Sunday, November 30, 2008
The state should pray in Christ's name
From the RoundTable blog
Read the latest entries
Tom Taylor
Taylor, of Roanoke, is retired from Norfolk Southern Corp.
In 1946, an adventurer named John Caldwell tried to sail single-handed across the Pacific Ocean in a 29-foot sailboat. After several months at sea and nearly dead from starvation, Caldwell wrecked on a coral reef off an island of Fiji.
The islanders rescued him and, with considerable cost and effort to themselves, nursed him slowly back to health. They dove down into the water and retrieved his valuables, including his wedding ring, and gave it all back to him.

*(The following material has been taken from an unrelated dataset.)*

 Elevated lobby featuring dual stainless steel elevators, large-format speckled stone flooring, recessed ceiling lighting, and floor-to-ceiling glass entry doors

This incident is worth noting because if Caldwell had wrecked on the island only 100 years earlier, the Fijians likely would have killed and eaten him. How fortunate that Methodist missionaries had arrived a century before he did, and the Fijians and their society had been transformed by the power and name of Jesus.
I thought about this when reading of how Virginia's State Police superintendant, with the passive consent of Gov. Tim Kaine, recently prohibited police chaplains at formal functions from praying in the name of Jesus.
We Virginians should not so casually silence that name. Some 1,700 years ago, the ancestors of many of us were little different from the pre-Christian Fijians. The barbaric tribes of Europe, the Franks and Saxons, lived in savagery and blood lust. The savage Norsemen raided and killed, then drank mead from the skulls of their victims.
But, fortunately for us, our distant ancestors were gradually transformed and civilized as the Christian gospel slowly advanced through ancient Europe and Scandinavia. It is easily arguable that Western Civilization with its liberty, self-government and scientific advance came into existence because of the influence and power of Jesus Christ.
And now our state police chaplains cannot formally pray in his name. There's no record of anyone having complained or filed suit about such prayers. So it's a mystery why the superintendant felt it necessary to step forward at this time and prohibit chaplains from praying as Christians have prayed, publicly or privately, since the beginning of America.
Kaine, a former missionary himself, should realize Christians believe we approach the throne of God only by the merit of Jesus Christ and his sacrifice for our sins. To forbid a Christian to pray in Jesus's name is to forbid him to pray at all. It's no wonder six troopers resigned from the chaplain program rather than comply.
Republican Dels. Morgan Griffith and Bill Carrico are reportedly planning to introduce a law to reverse the ban when the General Assembly convenes in January. I hope their efforts succeed. And, when the inevitable ACLU challenge goes to court, I sincerely hope we get a judge who knows something about American history and the source of our liberties.
We need a judge who understands, as Patrick Henry said: "This great nation was founded ... not on religions, but on the Gospel of Jesus Christ. For this very reason peoples of other faiths have been afforded asylum, prosperity, and freedom of worship here."